## How to complete this task
Copy out each line below verbatim, skipping any picture.

The data Block Start

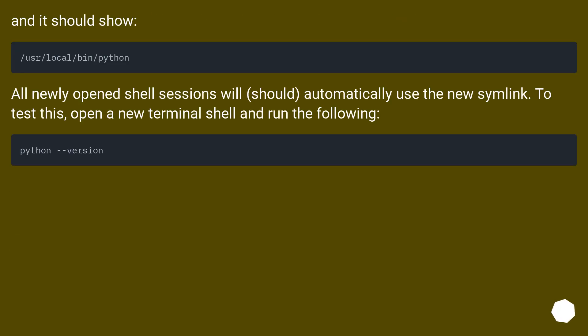And it should show the Python 3 version. All newly opened shell sessions will automatically use the new symlink. To test this, open a new terminal shell and run the following: 'python --version'.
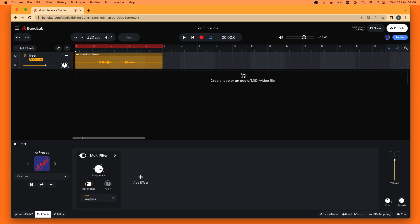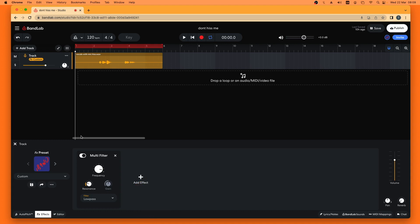Now to remove the hiss, I need to use a notch filter. A notch filter removes a small amount of the sound frequencies from the vocal recording. And if I set the right frequency, I will remove the mic hiss. So I'm going to click on where it says Lowpass on the Multifilter.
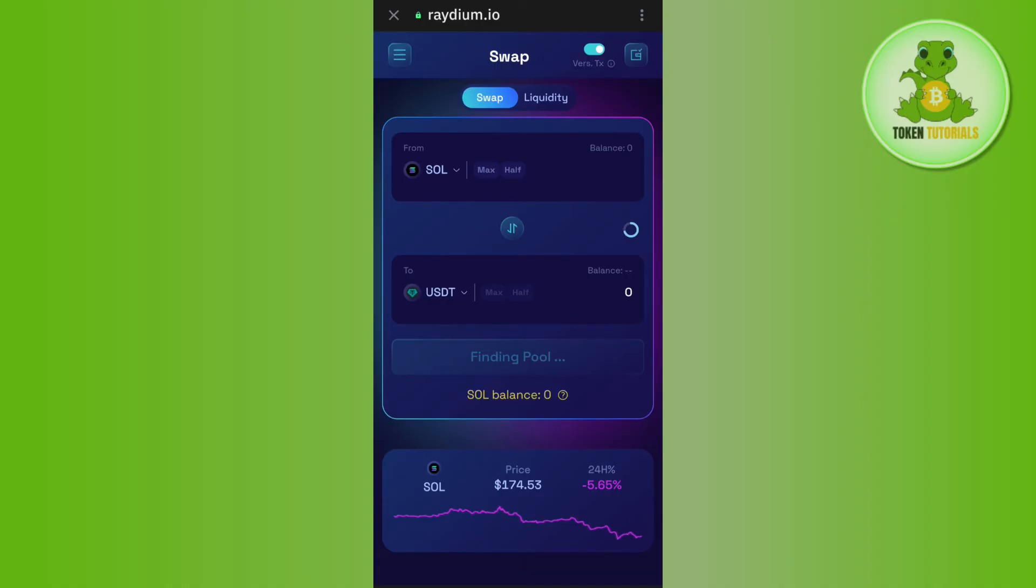After that, you are going to see the swap button in the bottom. So you need to tap on that swap button and after waiting for some time, you will be able to easily convert your Solana into USDT and you are going to get your USDT in your TrustWallet.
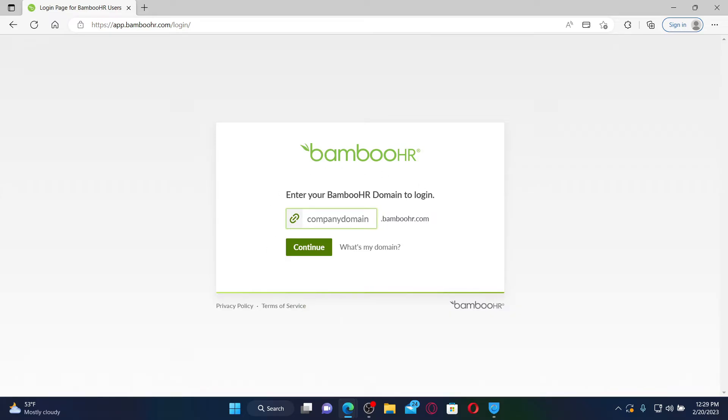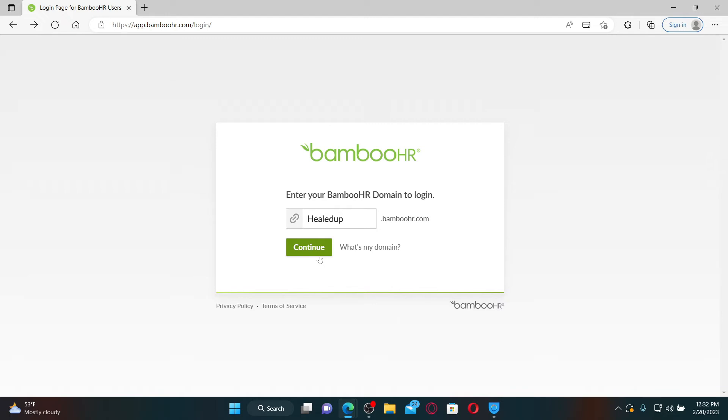On the next page, it'll ask you for your employee password. Type it in the text box and follow through the on-screen prompts till the end in order to log into your BambooHR employee account.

The data Block End

## Answer
And it should show the Python 3 version. All newly opened shell sessions will automatically use the new symlink. To test this, open a new terminal shell and run the following: 'python --version'.
Now to remove the hiss, I need to use a notch filter. A notch filter removes a small amount of the sound frequencies from the vocal recording. And if I set the right frequency, I will remove the mic hiss. So I'm going to click on where it says Lowpass on the Multifilter.
After that, you are going to see the swap button in the bottom. So you need to tap on that swap button and after waiting for some time, you will be able to easily convert your Solana into USDT and you are going to get your USDT in your TrustWallet.
On the next page, it'll ask you for your employee password. Type it in the text box and follow through the on-screen prompts till the end in order to log into your BambooHR employee account.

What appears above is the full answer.